As I sat, reading and taking in the differing reactions, I felt a deep sadness settle in my heart. This was quickly followed by frustration, and then a profound desire for Jesus to return and make all things right. It seems that many of my trips to social media lately end with that last sentiment (Come quickly Lord Jesus!) Before I go too much further, I need to disclose something here:  The ruling by the Supreme Court was not unexpected or a surprise to me.  It has felt inevitable to me for quite some time.  Now, I know that there are some who may find fault in my resignation to this.  In all honesty, I have long ago lost any expectation that our government would honor the spiritual truths taught in the bible regarding marriage and sexuality.  We do not live in a Christian nation.  Consequently, it is increasingly unlikely for the government of our nation to submit to the spiritual truths revealed in the Bible.
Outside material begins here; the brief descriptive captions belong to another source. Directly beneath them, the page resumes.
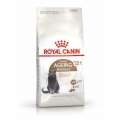 Royal Canin Feline Sterilised +12 2kg (2 Kg)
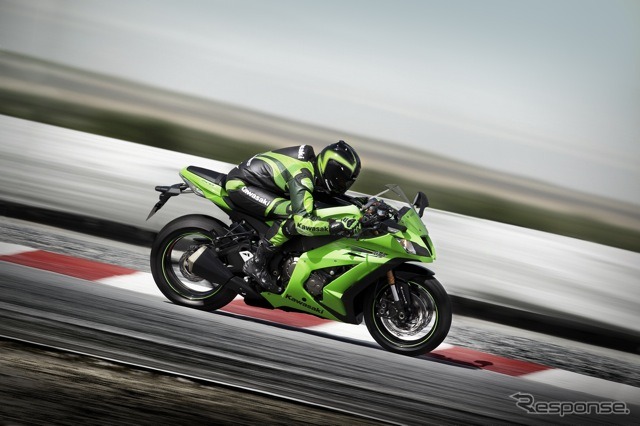 Ninja ZX-10R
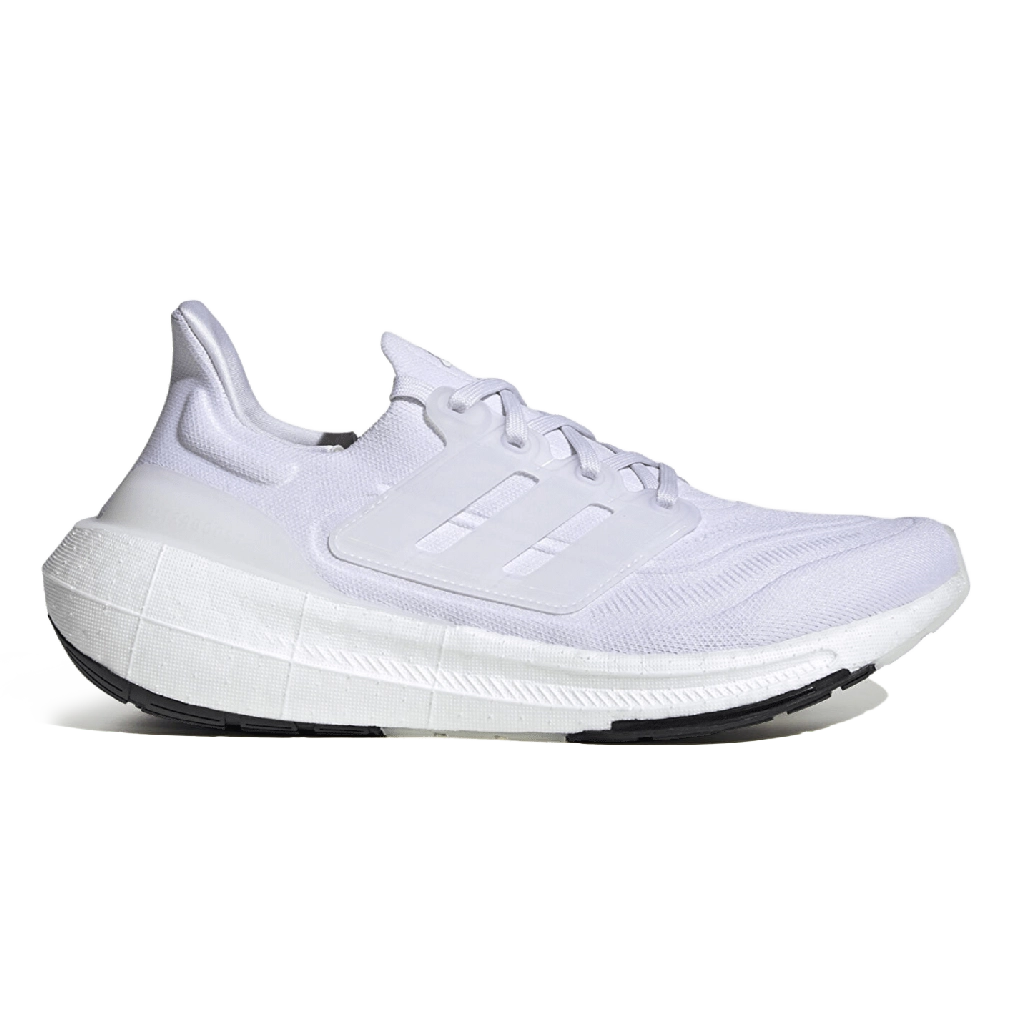 1 Adidas Ultraboost 23 Triple White – תמונה 1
This is especially true concerning something so carnally contentious as sexuality and marriage. Quite the opposite is true.  Our culture, and subsequently our government, seems more compelled towards a humanistic ethic devoid of any objective morality, and is increasingly hostile towards orthodox Christianity. Why is this so? Apologist Ravi Zacharias said it well, possibly years ago, when he observed (I am paraphrasing):

 “We do not have a morality problem in our culture, we have a faith problem.  Our culture no longer has faith in a God that has the authority to direct our steps.”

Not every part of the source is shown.